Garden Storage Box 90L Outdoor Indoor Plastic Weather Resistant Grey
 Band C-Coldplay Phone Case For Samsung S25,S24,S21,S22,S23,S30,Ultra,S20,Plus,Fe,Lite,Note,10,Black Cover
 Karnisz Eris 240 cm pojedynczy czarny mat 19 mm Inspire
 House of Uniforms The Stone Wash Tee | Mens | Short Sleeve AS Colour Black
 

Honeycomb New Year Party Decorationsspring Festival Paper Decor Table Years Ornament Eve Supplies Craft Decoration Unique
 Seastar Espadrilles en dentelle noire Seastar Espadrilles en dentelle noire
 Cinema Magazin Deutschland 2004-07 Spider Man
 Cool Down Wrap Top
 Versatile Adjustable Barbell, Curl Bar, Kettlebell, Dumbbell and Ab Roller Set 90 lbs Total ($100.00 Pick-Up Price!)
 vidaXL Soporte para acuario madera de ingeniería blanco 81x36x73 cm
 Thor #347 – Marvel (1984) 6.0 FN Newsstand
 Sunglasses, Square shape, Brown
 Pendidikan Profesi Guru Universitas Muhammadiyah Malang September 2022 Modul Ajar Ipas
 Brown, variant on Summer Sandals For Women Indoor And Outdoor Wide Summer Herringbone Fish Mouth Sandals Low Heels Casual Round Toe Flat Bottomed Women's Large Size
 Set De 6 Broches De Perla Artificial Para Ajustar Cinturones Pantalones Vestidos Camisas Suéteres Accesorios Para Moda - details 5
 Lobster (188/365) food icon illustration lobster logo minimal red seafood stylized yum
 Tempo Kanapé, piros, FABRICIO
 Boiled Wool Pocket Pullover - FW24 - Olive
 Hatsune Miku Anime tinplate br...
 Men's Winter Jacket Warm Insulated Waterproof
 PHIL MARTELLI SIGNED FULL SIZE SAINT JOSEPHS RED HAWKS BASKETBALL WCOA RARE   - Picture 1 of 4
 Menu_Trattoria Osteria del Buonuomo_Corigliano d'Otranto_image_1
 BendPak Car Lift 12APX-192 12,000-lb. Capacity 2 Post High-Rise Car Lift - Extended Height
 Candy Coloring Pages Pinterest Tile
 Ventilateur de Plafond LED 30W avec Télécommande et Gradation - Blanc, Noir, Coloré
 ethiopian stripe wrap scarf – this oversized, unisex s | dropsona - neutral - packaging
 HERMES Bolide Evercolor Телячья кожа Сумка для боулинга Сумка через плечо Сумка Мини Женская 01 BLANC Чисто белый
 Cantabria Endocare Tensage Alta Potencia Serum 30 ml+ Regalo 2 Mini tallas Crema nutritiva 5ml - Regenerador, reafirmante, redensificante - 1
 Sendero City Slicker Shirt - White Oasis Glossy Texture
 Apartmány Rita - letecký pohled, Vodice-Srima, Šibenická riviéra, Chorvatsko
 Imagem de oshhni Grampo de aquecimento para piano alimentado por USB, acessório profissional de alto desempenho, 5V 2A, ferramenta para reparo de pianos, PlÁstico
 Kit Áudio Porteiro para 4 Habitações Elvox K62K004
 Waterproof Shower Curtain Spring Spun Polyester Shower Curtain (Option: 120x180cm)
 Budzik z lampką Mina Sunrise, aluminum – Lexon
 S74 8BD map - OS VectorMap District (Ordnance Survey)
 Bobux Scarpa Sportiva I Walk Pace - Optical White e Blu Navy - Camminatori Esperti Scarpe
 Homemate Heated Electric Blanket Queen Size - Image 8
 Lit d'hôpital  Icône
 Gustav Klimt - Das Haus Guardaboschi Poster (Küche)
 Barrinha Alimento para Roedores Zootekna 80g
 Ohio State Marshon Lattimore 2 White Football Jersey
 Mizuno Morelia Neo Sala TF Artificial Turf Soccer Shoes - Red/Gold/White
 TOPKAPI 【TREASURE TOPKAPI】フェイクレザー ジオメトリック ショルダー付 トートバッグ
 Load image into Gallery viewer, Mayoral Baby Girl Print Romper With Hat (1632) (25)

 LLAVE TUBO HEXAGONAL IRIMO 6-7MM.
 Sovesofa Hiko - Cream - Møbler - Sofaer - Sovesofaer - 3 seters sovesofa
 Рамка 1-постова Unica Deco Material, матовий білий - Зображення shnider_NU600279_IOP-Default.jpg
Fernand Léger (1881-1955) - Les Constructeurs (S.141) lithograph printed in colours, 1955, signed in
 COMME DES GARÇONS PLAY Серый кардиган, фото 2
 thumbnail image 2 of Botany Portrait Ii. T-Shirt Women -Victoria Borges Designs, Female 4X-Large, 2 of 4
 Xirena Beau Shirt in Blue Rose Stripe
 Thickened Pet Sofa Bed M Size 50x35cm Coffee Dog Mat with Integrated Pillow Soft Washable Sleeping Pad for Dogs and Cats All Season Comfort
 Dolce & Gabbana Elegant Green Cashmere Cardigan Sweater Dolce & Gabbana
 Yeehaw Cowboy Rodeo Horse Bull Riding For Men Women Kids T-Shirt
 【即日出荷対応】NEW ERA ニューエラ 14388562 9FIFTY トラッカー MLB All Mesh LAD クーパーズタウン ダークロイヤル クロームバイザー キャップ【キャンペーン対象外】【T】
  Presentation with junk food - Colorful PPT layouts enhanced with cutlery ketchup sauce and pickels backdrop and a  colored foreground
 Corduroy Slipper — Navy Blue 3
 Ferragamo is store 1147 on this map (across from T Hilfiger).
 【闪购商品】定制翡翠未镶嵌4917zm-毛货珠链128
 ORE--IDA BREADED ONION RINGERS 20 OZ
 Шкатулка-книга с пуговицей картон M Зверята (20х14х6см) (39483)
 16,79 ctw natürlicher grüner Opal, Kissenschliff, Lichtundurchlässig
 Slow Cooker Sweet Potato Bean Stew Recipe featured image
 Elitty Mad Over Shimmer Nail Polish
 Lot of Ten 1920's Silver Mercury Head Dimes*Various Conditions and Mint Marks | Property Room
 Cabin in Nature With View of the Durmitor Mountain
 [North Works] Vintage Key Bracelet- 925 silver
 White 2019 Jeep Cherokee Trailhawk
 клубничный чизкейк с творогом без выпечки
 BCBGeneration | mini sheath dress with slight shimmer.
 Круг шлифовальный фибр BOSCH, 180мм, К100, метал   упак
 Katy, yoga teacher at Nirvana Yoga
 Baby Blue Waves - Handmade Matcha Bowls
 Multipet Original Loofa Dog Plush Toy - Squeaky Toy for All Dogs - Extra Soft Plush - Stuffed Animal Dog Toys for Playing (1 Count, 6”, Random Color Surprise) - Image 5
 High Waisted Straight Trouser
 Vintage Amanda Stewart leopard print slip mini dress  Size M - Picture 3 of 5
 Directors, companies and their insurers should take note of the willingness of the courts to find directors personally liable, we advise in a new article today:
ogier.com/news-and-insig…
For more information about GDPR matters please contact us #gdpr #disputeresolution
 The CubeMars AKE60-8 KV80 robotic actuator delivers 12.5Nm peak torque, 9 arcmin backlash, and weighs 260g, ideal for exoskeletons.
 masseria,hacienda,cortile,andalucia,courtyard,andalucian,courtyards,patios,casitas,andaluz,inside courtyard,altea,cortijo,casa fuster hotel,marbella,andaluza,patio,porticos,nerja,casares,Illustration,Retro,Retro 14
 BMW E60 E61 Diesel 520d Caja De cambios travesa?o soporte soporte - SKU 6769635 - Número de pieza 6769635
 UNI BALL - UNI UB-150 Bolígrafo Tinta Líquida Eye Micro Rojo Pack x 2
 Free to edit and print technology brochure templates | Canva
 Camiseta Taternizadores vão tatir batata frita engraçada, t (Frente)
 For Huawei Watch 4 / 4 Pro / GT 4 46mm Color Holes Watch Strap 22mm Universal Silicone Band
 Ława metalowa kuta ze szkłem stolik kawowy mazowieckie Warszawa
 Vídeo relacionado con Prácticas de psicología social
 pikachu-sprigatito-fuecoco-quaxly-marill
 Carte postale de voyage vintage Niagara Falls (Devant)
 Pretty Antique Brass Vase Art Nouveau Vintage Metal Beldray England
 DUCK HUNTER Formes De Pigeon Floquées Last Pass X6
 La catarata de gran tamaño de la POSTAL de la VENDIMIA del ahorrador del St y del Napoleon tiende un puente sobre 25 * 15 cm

▶ **Problem**
Using the records above, report the number of lines that include the string "Baby", with nothing added.

▶ **Answer to this problem**
2